Le projet de nouvelle directive entend ajouter deux nouvelles composantes dans la manière de calculer ces taxes : une première en fonction des émissions de CO2 produites par l’énergie utilisée, la seconde dépendant directement de l’efficacité énergétique des produits. Ce mode de calcul privilégiera les agrocarburants au détriment du pétrole, du charbon et du gaz. Mais Bruxelles prévoit des exemptions et réductions pour le secteur agricole, les ménages pauvres ou encore les zones rurales isolées. Le dossier reste en effet politiquement ultrasensible. En matière de fiscalité, les décisions se prennent à l’unanimité des États. Or, rares sont les pays qui, à l’instar de la Suède, du Danemark et de la Finlande, disposent déjà d’une taxe carbone. Au Royaume-Uni, le nouveau gouvernement dirigé par le conservateur David Cameron se méfie de toute initiative fiscale au niveau européen.
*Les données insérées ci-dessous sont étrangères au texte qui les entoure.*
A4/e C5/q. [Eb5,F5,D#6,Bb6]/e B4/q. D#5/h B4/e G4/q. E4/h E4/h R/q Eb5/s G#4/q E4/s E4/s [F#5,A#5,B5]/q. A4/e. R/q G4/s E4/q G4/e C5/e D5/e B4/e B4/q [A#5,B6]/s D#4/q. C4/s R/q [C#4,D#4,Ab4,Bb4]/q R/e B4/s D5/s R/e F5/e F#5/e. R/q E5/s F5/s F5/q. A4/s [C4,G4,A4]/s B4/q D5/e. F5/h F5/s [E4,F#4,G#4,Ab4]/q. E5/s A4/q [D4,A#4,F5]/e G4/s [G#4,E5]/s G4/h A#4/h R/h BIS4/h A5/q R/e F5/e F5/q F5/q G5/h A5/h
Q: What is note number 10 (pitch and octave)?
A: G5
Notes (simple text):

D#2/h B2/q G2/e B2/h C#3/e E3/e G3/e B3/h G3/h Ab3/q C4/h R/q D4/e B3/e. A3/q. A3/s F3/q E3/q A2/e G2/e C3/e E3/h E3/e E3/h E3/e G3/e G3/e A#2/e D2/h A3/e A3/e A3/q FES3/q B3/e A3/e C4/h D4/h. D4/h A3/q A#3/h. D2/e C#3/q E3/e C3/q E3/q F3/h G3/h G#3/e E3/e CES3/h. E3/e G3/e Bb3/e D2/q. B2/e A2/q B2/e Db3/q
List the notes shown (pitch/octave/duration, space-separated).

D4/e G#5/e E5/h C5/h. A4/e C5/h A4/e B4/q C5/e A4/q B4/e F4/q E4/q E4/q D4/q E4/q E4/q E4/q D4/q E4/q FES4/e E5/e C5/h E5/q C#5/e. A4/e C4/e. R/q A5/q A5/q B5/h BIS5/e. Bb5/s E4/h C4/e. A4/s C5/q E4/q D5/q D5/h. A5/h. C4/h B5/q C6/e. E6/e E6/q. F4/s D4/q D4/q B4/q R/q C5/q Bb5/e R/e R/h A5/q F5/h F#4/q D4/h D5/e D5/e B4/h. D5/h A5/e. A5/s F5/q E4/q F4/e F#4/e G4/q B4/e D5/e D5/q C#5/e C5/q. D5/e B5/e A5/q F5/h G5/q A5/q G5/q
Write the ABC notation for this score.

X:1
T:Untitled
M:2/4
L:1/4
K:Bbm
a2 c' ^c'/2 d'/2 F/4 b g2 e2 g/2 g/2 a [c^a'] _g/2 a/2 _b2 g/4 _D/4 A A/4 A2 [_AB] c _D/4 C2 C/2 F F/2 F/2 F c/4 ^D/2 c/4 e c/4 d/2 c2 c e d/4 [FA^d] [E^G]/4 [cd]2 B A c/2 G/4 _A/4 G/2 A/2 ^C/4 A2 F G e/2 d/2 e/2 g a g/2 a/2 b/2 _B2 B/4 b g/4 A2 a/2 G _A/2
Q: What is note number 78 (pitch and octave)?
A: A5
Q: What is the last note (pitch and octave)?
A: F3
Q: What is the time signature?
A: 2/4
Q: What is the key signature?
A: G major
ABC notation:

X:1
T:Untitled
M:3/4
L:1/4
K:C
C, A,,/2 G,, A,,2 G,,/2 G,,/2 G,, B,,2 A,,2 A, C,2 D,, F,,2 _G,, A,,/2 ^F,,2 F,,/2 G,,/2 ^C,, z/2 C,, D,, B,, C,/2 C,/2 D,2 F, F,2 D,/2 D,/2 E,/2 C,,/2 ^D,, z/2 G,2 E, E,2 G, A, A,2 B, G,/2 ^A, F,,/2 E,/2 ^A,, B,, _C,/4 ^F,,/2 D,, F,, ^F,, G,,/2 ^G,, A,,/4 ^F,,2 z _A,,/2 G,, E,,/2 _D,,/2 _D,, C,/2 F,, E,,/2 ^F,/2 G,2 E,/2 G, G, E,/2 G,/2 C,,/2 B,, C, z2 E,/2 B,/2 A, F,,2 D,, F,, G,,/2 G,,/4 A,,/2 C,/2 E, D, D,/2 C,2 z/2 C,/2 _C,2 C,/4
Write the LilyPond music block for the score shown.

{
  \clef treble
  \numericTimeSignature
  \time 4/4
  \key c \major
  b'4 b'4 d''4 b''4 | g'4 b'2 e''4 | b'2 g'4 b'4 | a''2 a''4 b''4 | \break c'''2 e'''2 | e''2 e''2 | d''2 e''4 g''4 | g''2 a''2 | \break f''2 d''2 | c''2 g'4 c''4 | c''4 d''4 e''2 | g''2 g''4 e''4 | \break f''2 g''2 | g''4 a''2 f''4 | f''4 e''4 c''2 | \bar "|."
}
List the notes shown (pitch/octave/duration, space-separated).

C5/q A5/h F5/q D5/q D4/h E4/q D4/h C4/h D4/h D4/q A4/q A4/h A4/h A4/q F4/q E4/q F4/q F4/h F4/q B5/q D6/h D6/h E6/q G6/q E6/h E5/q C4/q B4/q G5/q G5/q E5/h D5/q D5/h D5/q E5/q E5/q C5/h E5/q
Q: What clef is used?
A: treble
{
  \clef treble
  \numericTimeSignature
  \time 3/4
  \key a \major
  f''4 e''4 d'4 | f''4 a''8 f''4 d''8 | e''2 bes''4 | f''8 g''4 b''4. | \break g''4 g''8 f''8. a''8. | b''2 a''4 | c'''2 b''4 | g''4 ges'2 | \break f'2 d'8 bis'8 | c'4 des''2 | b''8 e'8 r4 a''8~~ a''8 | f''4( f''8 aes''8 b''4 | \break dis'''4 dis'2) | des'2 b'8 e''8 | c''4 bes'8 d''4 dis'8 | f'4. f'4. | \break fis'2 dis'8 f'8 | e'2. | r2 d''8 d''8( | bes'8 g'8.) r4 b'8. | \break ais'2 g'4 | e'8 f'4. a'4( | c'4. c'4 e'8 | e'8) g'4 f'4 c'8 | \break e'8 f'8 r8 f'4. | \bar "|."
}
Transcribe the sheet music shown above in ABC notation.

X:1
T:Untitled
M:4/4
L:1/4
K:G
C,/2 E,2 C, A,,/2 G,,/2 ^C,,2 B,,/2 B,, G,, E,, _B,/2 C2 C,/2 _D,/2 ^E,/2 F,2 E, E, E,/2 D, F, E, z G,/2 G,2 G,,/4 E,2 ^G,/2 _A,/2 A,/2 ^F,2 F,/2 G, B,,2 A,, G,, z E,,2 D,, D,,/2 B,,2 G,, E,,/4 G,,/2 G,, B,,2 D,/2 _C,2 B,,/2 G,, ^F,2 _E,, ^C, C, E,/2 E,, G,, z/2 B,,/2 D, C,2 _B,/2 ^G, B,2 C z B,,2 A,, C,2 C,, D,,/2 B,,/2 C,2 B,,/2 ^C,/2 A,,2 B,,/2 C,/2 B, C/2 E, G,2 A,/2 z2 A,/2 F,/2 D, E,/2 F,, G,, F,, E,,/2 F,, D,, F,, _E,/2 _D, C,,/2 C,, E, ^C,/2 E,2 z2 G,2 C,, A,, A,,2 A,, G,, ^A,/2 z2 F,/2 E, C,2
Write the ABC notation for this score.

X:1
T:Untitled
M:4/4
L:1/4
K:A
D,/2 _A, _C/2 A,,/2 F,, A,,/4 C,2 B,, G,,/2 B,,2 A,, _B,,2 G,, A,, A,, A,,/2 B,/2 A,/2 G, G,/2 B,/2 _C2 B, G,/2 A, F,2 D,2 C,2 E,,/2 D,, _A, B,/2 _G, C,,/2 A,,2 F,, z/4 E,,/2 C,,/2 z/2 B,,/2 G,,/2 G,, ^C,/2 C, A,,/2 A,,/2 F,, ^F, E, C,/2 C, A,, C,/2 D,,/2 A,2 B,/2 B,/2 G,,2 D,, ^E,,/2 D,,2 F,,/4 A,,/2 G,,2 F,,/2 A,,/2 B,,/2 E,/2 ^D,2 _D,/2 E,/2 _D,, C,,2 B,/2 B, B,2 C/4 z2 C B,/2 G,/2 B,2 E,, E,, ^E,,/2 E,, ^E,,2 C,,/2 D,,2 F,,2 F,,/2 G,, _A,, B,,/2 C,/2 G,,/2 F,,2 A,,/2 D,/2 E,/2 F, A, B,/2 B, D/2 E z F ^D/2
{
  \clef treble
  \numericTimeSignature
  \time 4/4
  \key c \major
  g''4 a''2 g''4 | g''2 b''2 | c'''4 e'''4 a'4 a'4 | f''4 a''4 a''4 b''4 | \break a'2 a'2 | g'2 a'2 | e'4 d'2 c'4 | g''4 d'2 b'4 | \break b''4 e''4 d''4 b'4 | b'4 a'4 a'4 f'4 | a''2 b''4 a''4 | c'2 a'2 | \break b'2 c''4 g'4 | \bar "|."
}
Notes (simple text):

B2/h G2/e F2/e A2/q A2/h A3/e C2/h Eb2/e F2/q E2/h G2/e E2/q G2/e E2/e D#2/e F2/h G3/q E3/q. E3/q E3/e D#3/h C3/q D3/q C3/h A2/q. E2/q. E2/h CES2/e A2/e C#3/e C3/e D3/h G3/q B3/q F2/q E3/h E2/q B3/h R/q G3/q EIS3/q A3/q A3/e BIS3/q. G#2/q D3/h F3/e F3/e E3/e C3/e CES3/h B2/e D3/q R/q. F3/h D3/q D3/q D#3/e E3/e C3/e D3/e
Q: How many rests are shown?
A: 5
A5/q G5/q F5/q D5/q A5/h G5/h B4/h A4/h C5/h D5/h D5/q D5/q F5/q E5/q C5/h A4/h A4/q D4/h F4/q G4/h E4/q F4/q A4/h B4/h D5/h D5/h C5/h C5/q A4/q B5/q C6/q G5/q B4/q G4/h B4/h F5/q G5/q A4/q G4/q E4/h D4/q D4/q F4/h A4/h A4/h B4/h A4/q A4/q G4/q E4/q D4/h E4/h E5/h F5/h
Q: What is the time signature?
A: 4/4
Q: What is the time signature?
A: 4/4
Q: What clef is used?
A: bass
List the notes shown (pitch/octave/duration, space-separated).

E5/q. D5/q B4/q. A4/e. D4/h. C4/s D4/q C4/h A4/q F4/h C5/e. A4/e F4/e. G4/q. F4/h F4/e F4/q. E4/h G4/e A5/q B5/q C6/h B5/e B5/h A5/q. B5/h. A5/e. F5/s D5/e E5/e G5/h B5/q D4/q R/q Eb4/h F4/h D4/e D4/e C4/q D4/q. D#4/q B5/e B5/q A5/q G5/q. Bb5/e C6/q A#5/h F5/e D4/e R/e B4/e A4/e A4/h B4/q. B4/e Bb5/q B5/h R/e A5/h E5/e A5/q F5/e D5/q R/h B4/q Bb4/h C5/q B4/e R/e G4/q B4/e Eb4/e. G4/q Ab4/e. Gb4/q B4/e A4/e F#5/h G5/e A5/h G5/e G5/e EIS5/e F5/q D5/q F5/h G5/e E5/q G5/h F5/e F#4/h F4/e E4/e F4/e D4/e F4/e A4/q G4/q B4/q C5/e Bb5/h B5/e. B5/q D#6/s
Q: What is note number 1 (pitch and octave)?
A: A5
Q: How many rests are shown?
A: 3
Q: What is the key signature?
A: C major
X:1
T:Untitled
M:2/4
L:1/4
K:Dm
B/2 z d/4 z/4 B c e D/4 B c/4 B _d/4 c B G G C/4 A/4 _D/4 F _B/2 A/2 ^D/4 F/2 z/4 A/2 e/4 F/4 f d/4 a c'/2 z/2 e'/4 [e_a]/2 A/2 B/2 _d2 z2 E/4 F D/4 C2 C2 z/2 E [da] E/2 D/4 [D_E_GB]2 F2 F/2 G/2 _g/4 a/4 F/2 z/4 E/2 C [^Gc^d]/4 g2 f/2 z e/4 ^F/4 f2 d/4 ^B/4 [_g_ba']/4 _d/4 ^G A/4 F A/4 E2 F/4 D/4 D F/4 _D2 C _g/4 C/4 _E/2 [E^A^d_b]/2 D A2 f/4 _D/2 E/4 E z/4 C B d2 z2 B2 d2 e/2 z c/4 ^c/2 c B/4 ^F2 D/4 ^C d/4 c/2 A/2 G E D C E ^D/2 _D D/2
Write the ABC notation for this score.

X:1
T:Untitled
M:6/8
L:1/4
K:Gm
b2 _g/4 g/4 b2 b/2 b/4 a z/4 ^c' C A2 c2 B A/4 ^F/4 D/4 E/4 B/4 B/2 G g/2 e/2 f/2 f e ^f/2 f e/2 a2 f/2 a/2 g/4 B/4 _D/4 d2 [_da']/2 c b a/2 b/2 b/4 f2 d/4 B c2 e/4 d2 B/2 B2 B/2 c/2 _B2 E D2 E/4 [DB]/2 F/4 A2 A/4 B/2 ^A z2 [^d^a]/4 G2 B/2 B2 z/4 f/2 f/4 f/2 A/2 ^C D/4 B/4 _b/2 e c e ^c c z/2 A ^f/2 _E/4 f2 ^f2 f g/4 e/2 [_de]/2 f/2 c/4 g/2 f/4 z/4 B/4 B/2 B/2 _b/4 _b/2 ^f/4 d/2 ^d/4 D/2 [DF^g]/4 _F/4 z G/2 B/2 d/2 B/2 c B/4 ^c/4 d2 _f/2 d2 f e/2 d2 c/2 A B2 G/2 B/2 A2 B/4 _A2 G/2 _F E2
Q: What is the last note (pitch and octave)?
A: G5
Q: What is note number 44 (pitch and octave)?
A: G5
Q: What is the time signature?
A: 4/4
La France, elle, a dû renoncer à instaurer sa propre taxe carbone, à 17 euros la tonne, après des mois de controverses. L’Allemagne voit, de son côté, d’un mauvais œil la perspective d’un tel prélèvement, afin de protéger les intérêts de son industrie automobile.
Aujourd’hui, la fiscalité énergétique rapporte aux pays de l’Union 300 milliards d’euros par an. Mais, pour la Commission, ce projet de taxe est avant tout pédagogique. « L’objectif n’est pas d’augmenter les taxes, mais de les restructurer afin que les consommateurs soient en mesure de réduire le montant des taxes qu’ils paient en modifiant leur comportement et en ayant une consommation d’énergie plus efficace », assure Bruxelles. Une fois adoptées par les États membres, ces nouvelles règles seront mises en place progressivement entre 2013 et 2018, le temps de laisser certains pays s’adapter. En taxant ainsi le transport et le logement, responsables respectivement de 23 % et 10 % des émissions de CO2 en Europe, l’Europe souhaite se donner les moyens d’atteindre son objectif de réduction des rejets de dioxyde de carbone de 20 % d’ici à 2020. Concernant l’utilisation du produit de la taxe, chaque pays resterait libre de le dépenser comme bon lui semble, par exemple pour faire bénéficier certains contribuables de mécanismes de compensation financière. Mais les revenus potentiels de la taxe pourraient servir à alléger les dettes des États, ce qui constitue sans doute un élément de motivation décisif à l’heure où la quasi-totalité des États membres est confrontée à une explosion de leurs déficits et de leurs dettes.